NAREIT Submission to FASB on Business Combinations and Intangible Assets
December 7, 1999
Mr. Timothy S. Lucas
Director of Research and Technical Activities
Financial Accounting Standards Board
File Reference 201-A
401 Merritt 7
P.O. Box 5116
Norwalk, CT 06856-5116
RE: Proposed Statement of Financial Accounting Standards - Business Combinations and Intangible Assets
Dear Mr. Lucas:
The National Association of Real Estate Investment Trusts (NAREIT) is pleased to have the opportunity to respond to the Financial Accounting Standards Board's (the Board) Exposure Draft (ED) of the proposed policy on business combinations and intangible assets. NAREIT is the national trade association for REITs and publicly traded real estate companies. Members include real estate investment trusts (REITs) and other businesses that develop, own, operate, and finance income-producing real estate, as well as those firms and individuals who advise, study, and service these businesses.
The business of developing, owning and operating income-producing property regularly involves the acquisition of businesses and/or assets. Retrospectively, the impact on real estate companies of the prohibition of the pooling-of-interests method of accounting for business combinations would be minor, as nearly all transactions have been accounted for using the purchase method. However, as real estate companies increase their involvement with businesses and services that do not hold tangible assets, the proposal's provisions would become more applicable. In this context, the accounting standards for business combinations and intangible assets are important to producing useful financial reports for publicly traded real estate companies.
NAREIT generally supports the Board's conclusions included in the ED. We support the Board's conclusion that "pooling-of-interests" accounting should be eliminated and that the amortization of goodwill should be included as a charge to income - not to equity or to other comprehensive income. Further, it is our understanding that the elimination of "pooling-of interests" accounting for business combinations would achieve harmonization with international standards. We agree with this direction toward establishing uniform international accounting standards.
Although NAREIT generally supports the Board's proposal, we offer our observations on three issues raised in the ED: income statement presentation, transition and earnings representation.

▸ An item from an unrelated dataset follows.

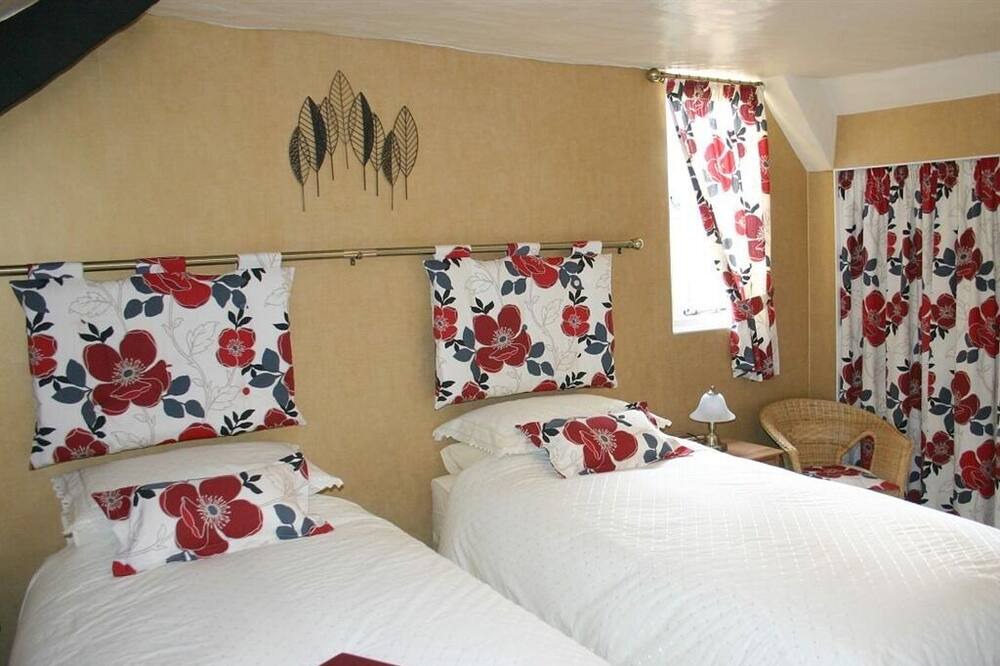 Photo of Bedroom in Bossington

Income Statement Presentation
The unique treatment afforded unidentifiable goodwill through disclosure in the income statement presents an opportunity for earnings management. Because of the unique nature of unidentifiable goodwill, we support the separate disclosure of its amortization and impairment charges in the income statement. However, this disclosure may serve as a disincentive to objectively recognizing identifiable intangible assets that are not afforded the same treatment. Perhaps additional/better guidance on assigning and measuring goodwill may prevent earnings disclosure abuses and help sustain the comparability intended by the standard.
We recommend the retroactive application of the ED's amortization provisions to previously recognized goodwill and other intangible assets for all periods presented, unless not practical to do so. We believe that this transition accounting would prospectively enhance comparability between companies. Earnings Representation and the Similarity Between Goodwill and Depreciation
For years, real estate companies have presented net income under generally accepted accounting principles (GAAP) which has limited relevance to financial statement users. This limitation is driven only by the current GAAP depreciation model applied to income-producing real estate. Upon review of paragraphs 327 through 343, we are encouraged that the Board's conclusion to segregate unidentifiable goodwill amortization in the income statement is based on virtually the same fact pattern present in depreciation accounting and the characteristics of income-producing property. The Board based their conclusion on the following observations:
- The asset's uniqueness;
- Comparability issues between companies which "purchase" goodwill and those which internally develop goodwill;
- Differing views about whether - and the degree to which - any pattern of amortization can be representationally faithful of the consumption or diminution of the asset;
- Users, in some cases, eliminate goodwill amortization entirely from their analysis to better facilitate an understanding of the cash consequences of these charges; and
Analysts' primary focus on summary measures of earnings to set stock price multiples.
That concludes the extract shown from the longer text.